Known issues with the Staking Registry

• Anybody can take a providerId, so we are relying on operators to self register, then send the staking dashboard maintainers their operatorId before we would show them on the front end. (This will likely be maintained via a public version control system).
• The onus is on the stakingProvider to register correct key pairs. We do not check that they are valid, depositing into the rollup WILL fail if they are not valid or if they are duplicates. This failure will not take place immediately, but rather whenever the rollup entry queue has finished.
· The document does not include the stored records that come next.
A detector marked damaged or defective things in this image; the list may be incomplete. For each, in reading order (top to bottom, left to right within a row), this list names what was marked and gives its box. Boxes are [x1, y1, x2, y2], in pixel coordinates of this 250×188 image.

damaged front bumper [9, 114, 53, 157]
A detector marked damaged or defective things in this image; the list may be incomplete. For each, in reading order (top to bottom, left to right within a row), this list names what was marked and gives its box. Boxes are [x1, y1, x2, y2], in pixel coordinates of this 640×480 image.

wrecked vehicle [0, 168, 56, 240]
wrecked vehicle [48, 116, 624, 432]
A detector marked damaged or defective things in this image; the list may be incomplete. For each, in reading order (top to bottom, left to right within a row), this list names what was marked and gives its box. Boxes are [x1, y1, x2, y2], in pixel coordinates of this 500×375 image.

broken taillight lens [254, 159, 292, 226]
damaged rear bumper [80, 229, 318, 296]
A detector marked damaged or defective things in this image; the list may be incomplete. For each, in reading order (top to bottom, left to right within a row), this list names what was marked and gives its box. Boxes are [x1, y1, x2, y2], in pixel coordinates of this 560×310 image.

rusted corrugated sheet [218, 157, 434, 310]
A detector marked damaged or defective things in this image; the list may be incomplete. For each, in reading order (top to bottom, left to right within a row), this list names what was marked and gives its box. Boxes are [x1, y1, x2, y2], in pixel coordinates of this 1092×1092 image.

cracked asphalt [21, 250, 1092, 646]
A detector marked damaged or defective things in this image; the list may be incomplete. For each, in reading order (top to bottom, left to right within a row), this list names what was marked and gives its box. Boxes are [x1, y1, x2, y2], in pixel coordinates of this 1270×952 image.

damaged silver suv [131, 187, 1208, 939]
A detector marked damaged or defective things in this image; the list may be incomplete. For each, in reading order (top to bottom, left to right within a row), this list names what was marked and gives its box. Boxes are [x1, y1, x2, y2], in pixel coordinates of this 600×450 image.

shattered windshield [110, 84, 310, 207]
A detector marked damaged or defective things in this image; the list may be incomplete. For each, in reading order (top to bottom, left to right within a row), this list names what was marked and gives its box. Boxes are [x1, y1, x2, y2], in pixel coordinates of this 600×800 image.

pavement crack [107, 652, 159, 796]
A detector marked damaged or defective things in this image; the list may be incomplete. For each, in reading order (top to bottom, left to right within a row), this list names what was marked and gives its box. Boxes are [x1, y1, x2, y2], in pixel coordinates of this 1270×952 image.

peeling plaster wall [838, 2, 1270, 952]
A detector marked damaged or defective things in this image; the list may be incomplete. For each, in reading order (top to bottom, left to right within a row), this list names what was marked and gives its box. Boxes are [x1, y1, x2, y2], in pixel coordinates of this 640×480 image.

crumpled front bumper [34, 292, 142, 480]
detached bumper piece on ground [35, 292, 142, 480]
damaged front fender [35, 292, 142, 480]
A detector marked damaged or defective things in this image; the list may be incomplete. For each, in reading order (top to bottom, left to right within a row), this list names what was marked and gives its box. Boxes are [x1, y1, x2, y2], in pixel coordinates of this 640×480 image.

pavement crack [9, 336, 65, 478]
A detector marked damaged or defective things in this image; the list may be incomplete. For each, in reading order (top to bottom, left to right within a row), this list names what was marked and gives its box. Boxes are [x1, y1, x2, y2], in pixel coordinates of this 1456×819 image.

• The game theory on node operators setting the coinbase address correctly relies on users being easily able to swap to other providers if somebody is misbehaving. There is no incentive to operators other than reputation, to not steal user's rewards / or get them slashed. Users should trust their operators, just because they are listed on some frontend does not mean that they are honest.
• If a validator provider registers an attestation key that already exists in the set, then we will not find out until the queue attempts to enter the validator - which will be some time after the deposit took place. This will cause the deposit to revert, but the user will maintain the funds, as they will return to the stated withdrawal address.